- **PROBLEM DETAILS**
Could you repeat the listing below exactly while leaving its pictures behind?

- **SUPPLIED INFORMATION**
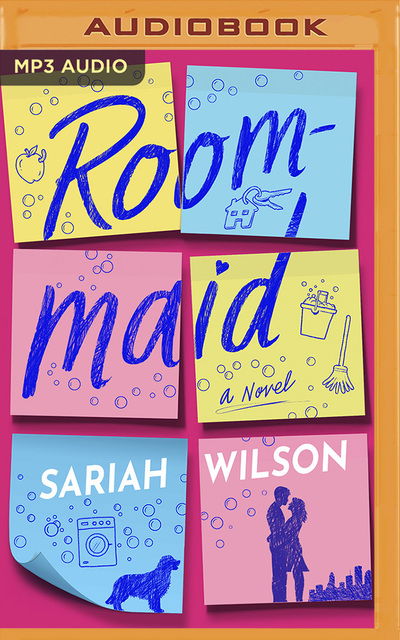 Cover for Sariah Wilson · Roommaid (CD) (2020)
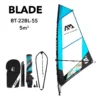 Aqua Marina Blade Sail Rig 5m2 BT-22BL-5S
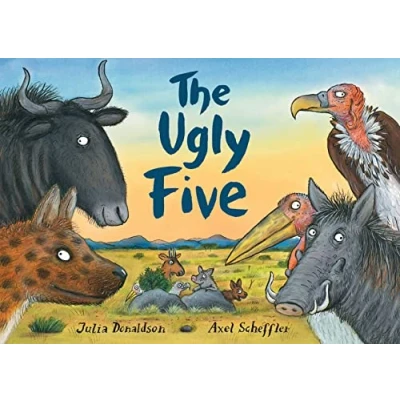 Imagen de The Ugly Five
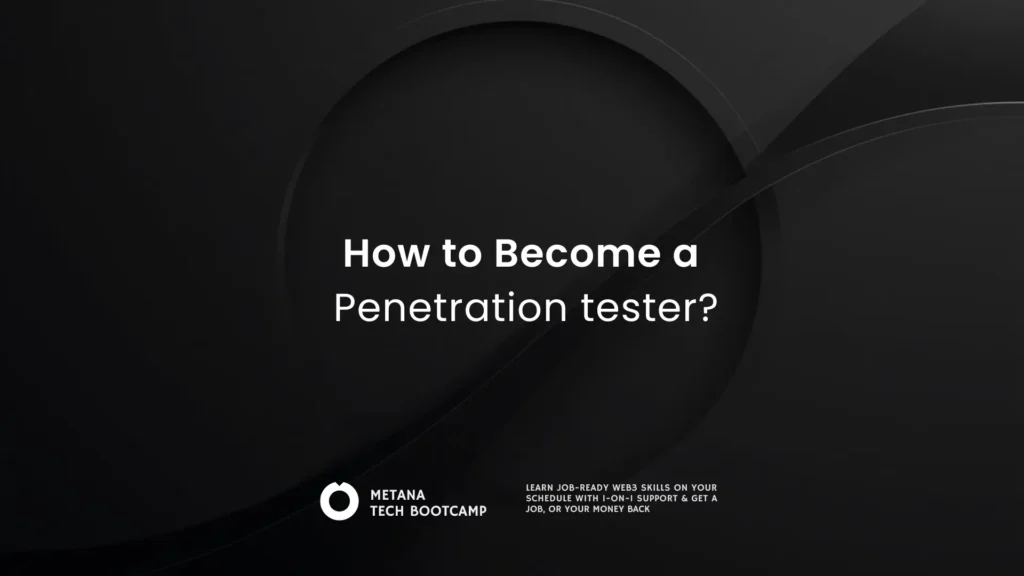 How to become a penetration tester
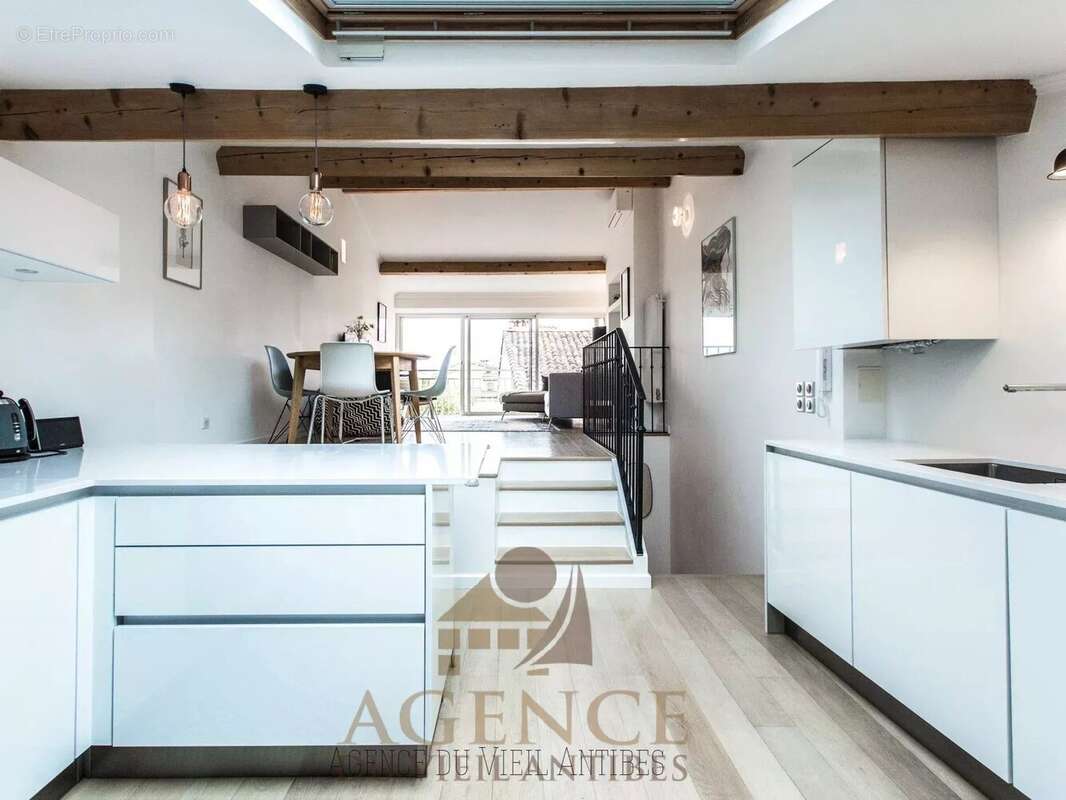 Appartement à ANTIBES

- **PROBLEM SOLUTION**
 Cover for Sariah Wilson · Roommaid (CD) (2020)
 Aqua Marina Blade Sail Rig 5m2 BT-22BL-5S
 Imagen de The Ugly Five
 How to become a penetration tester
 Appartement à ANTIBES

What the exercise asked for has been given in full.